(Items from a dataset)
== Segment start ==

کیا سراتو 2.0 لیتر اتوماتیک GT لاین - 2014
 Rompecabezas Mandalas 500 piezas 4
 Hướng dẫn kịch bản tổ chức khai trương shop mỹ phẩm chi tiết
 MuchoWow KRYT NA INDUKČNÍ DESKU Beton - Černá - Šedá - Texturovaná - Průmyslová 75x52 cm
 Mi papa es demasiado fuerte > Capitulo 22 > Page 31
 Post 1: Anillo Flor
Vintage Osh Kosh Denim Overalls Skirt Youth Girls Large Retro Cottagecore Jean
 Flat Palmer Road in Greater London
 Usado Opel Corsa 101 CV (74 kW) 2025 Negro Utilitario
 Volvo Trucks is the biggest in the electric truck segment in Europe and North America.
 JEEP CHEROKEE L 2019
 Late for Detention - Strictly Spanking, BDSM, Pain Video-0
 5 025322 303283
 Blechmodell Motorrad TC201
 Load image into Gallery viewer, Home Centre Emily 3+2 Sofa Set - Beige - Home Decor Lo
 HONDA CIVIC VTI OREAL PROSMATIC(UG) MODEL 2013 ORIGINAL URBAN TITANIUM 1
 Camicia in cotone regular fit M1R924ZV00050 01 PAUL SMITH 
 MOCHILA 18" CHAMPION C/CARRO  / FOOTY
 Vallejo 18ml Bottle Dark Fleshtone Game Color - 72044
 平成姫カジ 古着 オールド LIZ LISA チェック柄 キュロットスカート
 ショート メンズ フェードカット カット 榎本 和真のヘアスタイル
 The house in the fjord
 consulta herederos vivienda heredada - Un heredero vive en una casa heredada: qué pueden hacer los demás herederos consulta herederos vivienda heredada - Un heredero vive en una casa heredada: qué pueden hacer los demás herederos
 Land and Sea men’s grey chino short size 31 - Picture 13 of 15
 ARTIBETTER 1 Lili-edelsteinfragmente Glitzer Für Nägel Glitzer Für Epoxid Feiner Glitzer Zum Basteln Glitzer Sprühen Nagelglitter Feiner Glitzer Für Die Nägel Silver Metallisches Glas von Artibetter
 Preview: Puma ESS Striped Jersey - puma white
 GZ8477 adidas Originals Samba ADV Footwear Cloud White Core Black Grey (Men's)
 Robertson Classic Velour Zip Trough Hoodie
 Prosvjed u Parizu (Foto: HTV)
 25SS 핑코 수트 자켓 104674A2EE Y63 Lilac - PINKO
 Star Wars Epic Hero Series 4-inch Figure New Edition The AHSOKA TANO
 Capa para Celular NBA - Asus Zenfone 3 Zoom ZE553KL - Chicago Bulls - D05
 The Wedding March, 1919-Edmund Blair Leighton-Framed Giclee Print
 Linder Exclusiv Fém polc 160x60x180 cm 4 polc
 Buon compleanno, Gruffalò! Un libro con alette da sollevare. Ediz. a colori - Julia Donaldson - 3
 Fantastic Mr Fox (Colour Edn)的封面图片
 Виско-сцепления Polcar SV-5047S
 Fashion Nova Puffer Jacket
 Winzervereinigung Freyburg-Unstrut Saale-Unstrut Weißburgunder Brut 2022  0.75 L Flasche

== Segment end ==

> _THE PROBLEM_: Could you retype exactly the lines above from the one containing "Buon compleanno, Gruffalò!" through the last line of the records, both included, and nothing else?

> _SOLUTION FOR THIS PROBLEM_:
 Buon compleanno, Gruffalò! Un libro con alette da sollevare. Ediz. a colori - Julia Donaldson - 3
 Fantastic Mr Fox (Colour Edn)的封面图片
 Виско-сцепления Polcar SV-5047S
 Fashion Nova Puffer Jacket
 Winzervereinigung Freyburg-Unstrut Saale-Unstrut Weißburgunder Brut 2022  0.75 L Flasche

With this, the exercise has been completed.